Butter is favored because most people had it in their youth. Some regions loves Nato and Chicken feet, others cheese and oysters. What's the most delicious? It depends of your own history.
I spread olive oil on my toast and prefer the croissants made with that as well. My favorite dish is fried tempeh.
Butter is NOT favored because most people had it in their youth, but because of its extremely distinct flavour.
"Unctuous" is certainly not specific enough, the reason butter (and ghee) is so delicious is its butteriness, i.e. it has a highly distinct taste. All properly rendered animal fats have highly distinct tastes and serve different purposes. Schmaltz tastes slightly of chicken, duck fat of duck, lard of pork, and tallow of beef.
But butter does NOT distinctly taste of beef, rather, it is reminiscent of slightly-aged milk (or, in the case of ghee, it may even strongly smell like certain kinds of aged cheese). There is, also, in butter, significant absorbed water content, and, to my palate, even a very subtle acidity that is not quite present in other rendered animal fats that give it a sort of brightness that make it work in things like butter-creams and other delicate or mild flavours (e.g. popcorn).
It is IMO this specifically "non-meaty" unctuousness that is the real draw of butter. Not some childhood nostalgia.
Wouldn't the preferred fat of a culture be spread between countries as they interacted then? Instead it has been fairly one directional with butter being adopted globally but other fats remaining niche (except Olive oil). Is that because of imperialism or is it because it is the best tasting one?
Today, I am one of the Ten Thousand [1] that learned you can make croissants with olive oil. Thank you for that! I've always assumed the laminated dough required solid fats, but apparently any layering of fat and flour can make flaky goodness. I am guessing that liquid fats are probably harder to work with, and croissants are already tricky enough to get right: but I must try.
[1]: https://xkcd.com/1053/
Yes, lamination can be done with almost any fat, but the more you laminate (more layers / folds), the more that liquid fats sort of absorb into the dough, and stop having the desired separating effect. So while oil layering works well for e.g. paratha-style roti, scallion pancakes, and things that only really get one or two "layers" or "folds", oil is just fine.
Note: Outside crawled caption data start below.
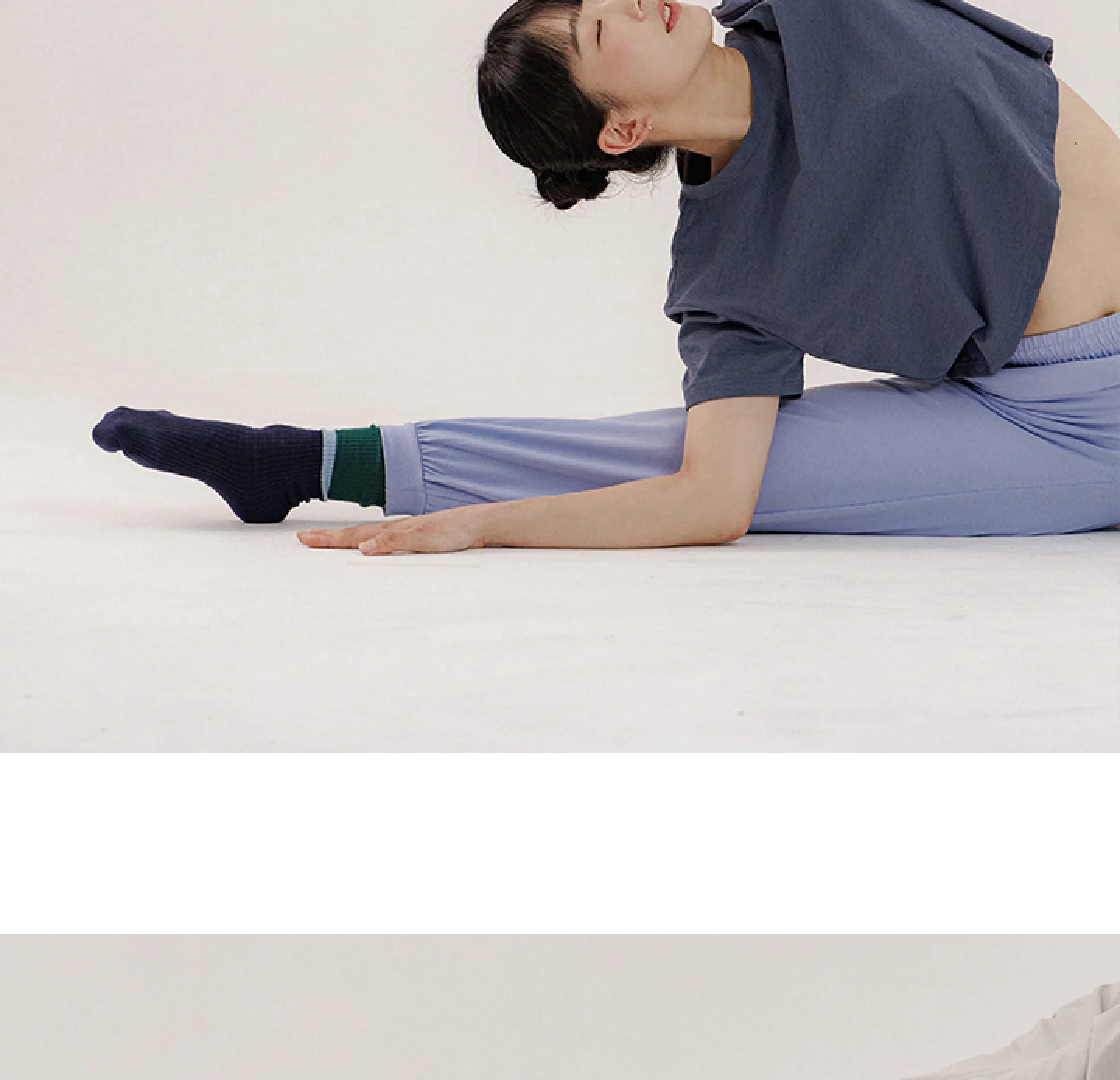 비건 세미 크롭티 숏 상세 이미지 10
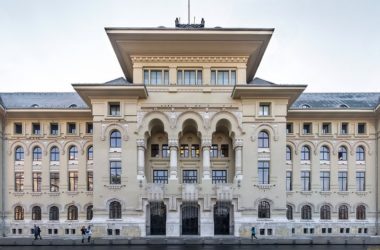 Primaria Bucuresti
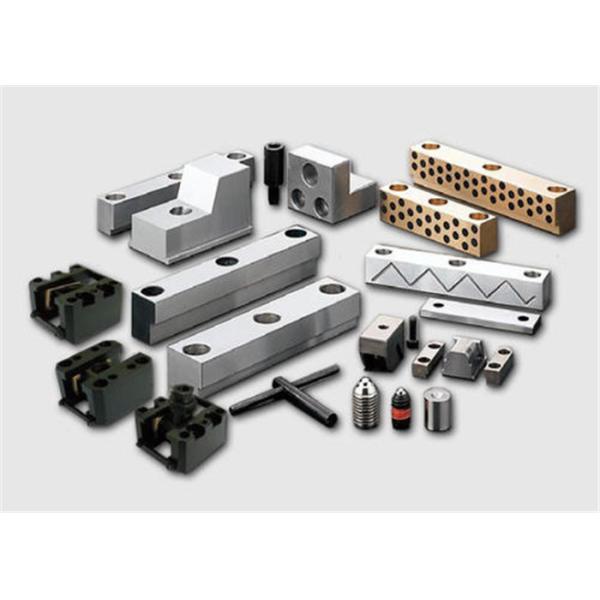 High Performance CNC Precision Turned Components Black Aluminum Anodized Shaft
But when you get to something like a croissant, or even just a rough puff pastry (e.g. https://www.seriouseats.com/old-fashioned-flaky-pie-dough-re...), liquid fats are usually a complete non-starter.
You might be able to achieve something if you can somehow freeze your olive oil and chill your dough, and work very quickly during lamination, but you should, even with a lot of work and tweaking, still expect to get a noticeably inferior product for something like croissants.
Depending on how picky you are/not, you might still be personally happy with the texture and taste, but don't expect to get even remotely close to an actual good butter croissant, by more objective standards. Here in Canada we had a minor problem with the butter texture due to what we feed our cows here ("buttergate"), and this was preventing professional bakers from achieving quality croissants with just the Canadian butter. This should make you highly skeptical that you can get anything good with something as different as olive oil.
Still, I do love the idea of an olive oil croissant, it would be delicious.
Okay, so as expected liquid fats are much harder to work with and lead to an inferior flake. But, I assumed it was nigh impossible to do. If I can get 20% of the way there with olive oil I would be at least willing to try.